Buthan between great powers
In the current conflict on the Donglang plateau at the three-corner of China-India-Buthan, China accused India of putting troops into position to prevent the Chinese road construction. India, on the other hand, designated the Doklam Plateau as the territory of Buthans. The Kingdom is closely connected with India. Larger Indian troops are stationed there. But King's king and government were scarcely, and very reserved, to the border conflict. Not by chance, the kingdom lies between two regional supervisors. Buthan also does not want to suffer the same fate as the nearby Sikkim as decades ago and to be annexed by India.
The two-sided irritated and ever more menacing tone indicated, according to commentators of the region on an early war. It may not be local, but extend to all the controversial border areas and the Indian Ocean. Especially a maritime war was probable. India has relatively strong naval forces. China, on the other hand, has been trying to exert its influence in the Indian Ocean since the turn of the century. In Burma and Pakistan, oil and natural gas pipelines are terminating; in Sri Lanka, China is also involved in the expansion of port facilities which are also strategically usable. China reaches over eighty per cent of its petroleum demand over the Indian Ocean, a considerable portion of which is transported across the Malacca Strait, only 1.7 km wide at its narrowest point.
Myths for house use
India and China – at least Atomm├Ąchte – agreed at the end of August on the withdrawal of troops from the controversial Donglang plateau. The danger of war is – for the time being – banned. China will, of course, continue to insist on the negotiation of a permanent, definite frontier. This is difficult for both Asian powers, because for decades domestic myths have been used to form myths about their respective enemies. A historical review of the past is urgently required on the other side of the McMahon line.
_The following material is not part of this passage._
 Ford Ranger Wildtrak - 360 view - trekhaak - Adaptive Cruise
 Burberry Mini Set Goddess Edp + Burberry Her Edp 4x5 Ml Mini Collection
The fact that peace has come so quickly has, in China in particular, internal political reasons. On October 18, the Party Congress of the Communist Party, which takes place every five years, begins. This requires international peace and stability within the country. State, Party and Military Chief Xi Jinping is preparing for a second five-year term of office. As it looks from the outside, Xi has done everything right so far. In domestic politics, he uses stability with sugar bread and whip. As a statesman, he has gained an international reputation and gained Chinese stature. As a military officer, he gave the military the tariff and appointed new commanders. As a party leader, he probably set the course in the traditional bathing holidays in Baidaihe in the East China Sea to shape the renewal of the Central Committee, the Political Bureau and, above all, the Permanent Politburo Committee.
But it is also true that the castle's peace on the Donglang plateau is one of the preparations. A hot border war in the Himalayas with eaves, rempties, guns or even more is simply unthinkable during the great Communist Powwow in China.